Fractal image compression and other block-comparison schemes assume that an image contains sufficient self-similarity; that for any given block to be encoded, there will be one or more other blocks that look similar enough that their pixel content can be exchanged for a much smaller referential description. This is different from DCT, which simply finds the component waveform signals for each block.
Anyone who has assembled a jigsaw puzzle notices right away how many puzzle pieces look similar. Even different pieces can share many common features. It is tempting to think that all the pieces forming the sky in a landscape photo, for example, could be efficiently described. But sadly, there are pitfalls.
In video, self-similarity occurs heavily between successive frames, which is the logical basis for P-frame compression, and all proper video codecs do this. So we will focus on the problems with self-similarity for just one frame (or for key frames, if you prefer).
Self-similarity occurs in inverse proportion to block size. The smaller the blocks, the more likely a match can be found with other blocks. However, there are now more blocks to encode. Large blocks are fewer, but finding a match becomes exponentially more difficult.
The most fundamental error is that typical images (or images that people find useful) do not actually contain useful self-similarity. This is probably why Barnsley’s examples focus almost entirely on ideal pictures of ferns and fractals. In the real world, even a photo of a fern does not contain large self-similarity. A cursory review of an average photo yields abundant exceptions. Even if an object in the scene contains a highly regular repeating texture, it may lie at an angle unfavorable to the block grid, or be distorted by perspective, or the lighting may differ across it. Because the block matching scheme only sees pixels, all these things (and more, like dirt), easily frustrate it.
Another problem is that, in order to find a match, we cannot be choosy about which block we are comparing. That means that, at a minimum, when a match is found, we must encode the location of the block.

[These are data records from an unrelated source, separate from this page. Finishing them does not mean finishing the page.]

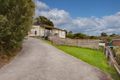 Property photo of 6 Carool Close Tootgarook VIC 3941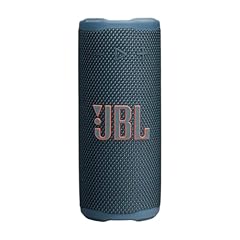 Jbl grip speaker usato  Spedito ovunque in Italia 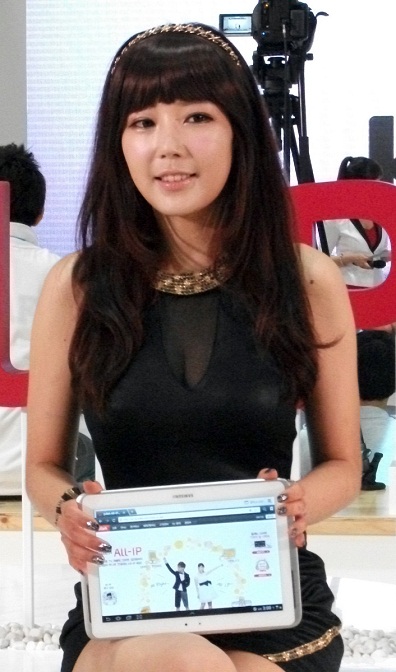 DSCF8615.JPG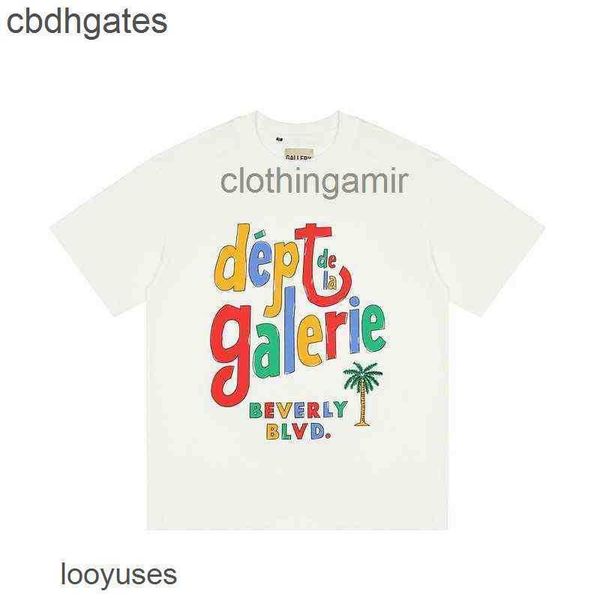 galleryes spring shirts t t men dept shirt fashion mens 2022 summer high street tube printed round neck men's women's loose short, White;black
galleryes spring shirts t t men dept shirt fashion mens 2022 summer high street tube printed round neck men's women's loose short, White;black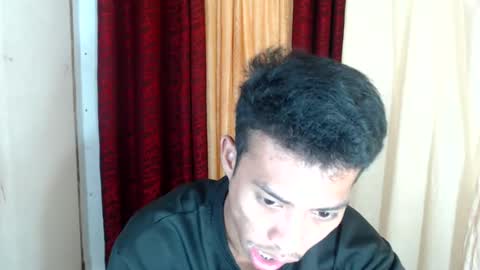 richard online show from January 2025 08:07:02 AM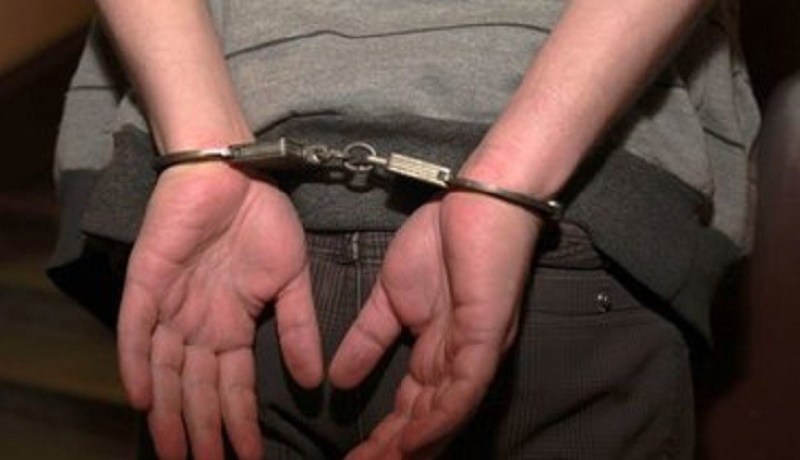 السجن 11 عاما لـ “داعشي” في بطرسبورغ الروسية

Needless to say, block searching is also slow.
We are also limited in where we can search, because the decode process cannot copy from blocks which have not yet been drawn onto the frame. If we are drawing blocks from top to bottom, we can only fetch blocks above the current drawing position. This makes the first set of rows compress poorly as well.
Matches are almost impossible to find unless we allow for color shifting. This is a value (which is another encoding cost) that alters the brightness of a block in order to improve the match. If we also transform (rotate, flip, etc.) a block to improve a match, then the code number of the transform must also be encoded.
Matches also require lossy compression, because exact matches are astronomically unlikely. A tiny 2 x 2 grayscale block can have over four billion possible color combinations, and a 4 x 4 grayscale block has over 3.4 x 10 to the 38th power. This combinatorial problem is also why quadtree schemes (like TRUDEF) often split large blocks to encode more smaller blocks.
It would be fitting to say that the devil is in the details. We look at all the puzzle pieces of a grassy field and find them similar, but upon closer examination, each contains a unique pattern. It is easy to mistake the superficial similarity for the kind of similarity that can be efficiently compressed. If we were allowed to assemble our puzzle pieces in any order, we would find the resulting scene unacceptable, because even though all grass pieces are green, we would easily see a discordant random jumble. The details matter, and must be encoded.